Collected material:
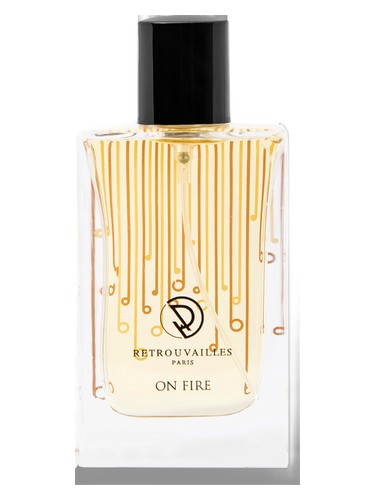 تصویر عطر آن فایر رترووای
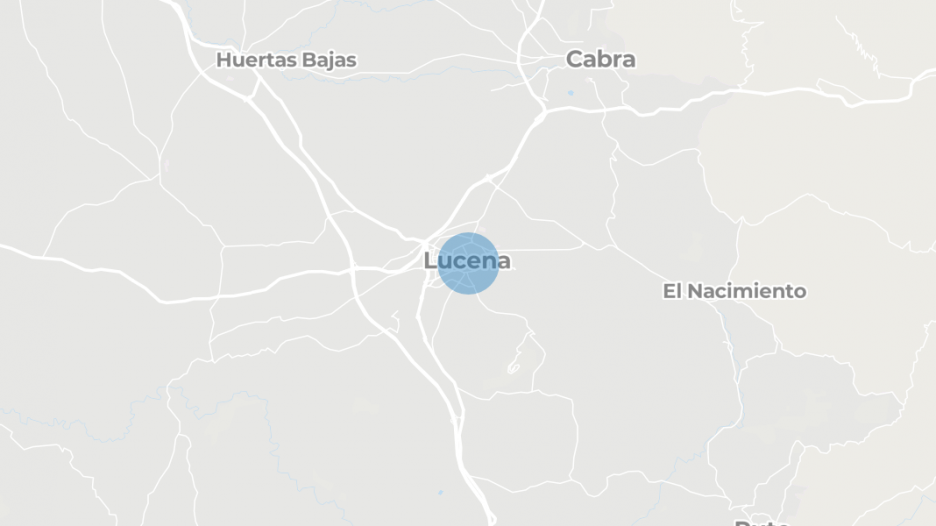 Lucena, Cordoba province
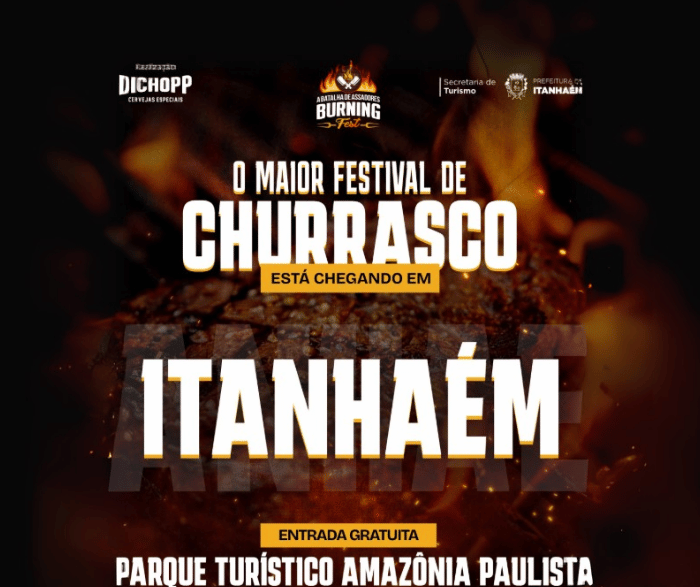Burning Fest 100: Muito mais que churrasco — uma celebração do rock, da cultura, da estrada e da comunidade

Required action: When you retype the listing, keep every line exactly as it is and drop the pictures.

Task response:
 تصویر عطر آن فایر رترووای
 Lucena, Cordoba province
Burning Fest 100: Muito mais que churrasco — uma celebração do rock, da cultura, da estrada e da comunidade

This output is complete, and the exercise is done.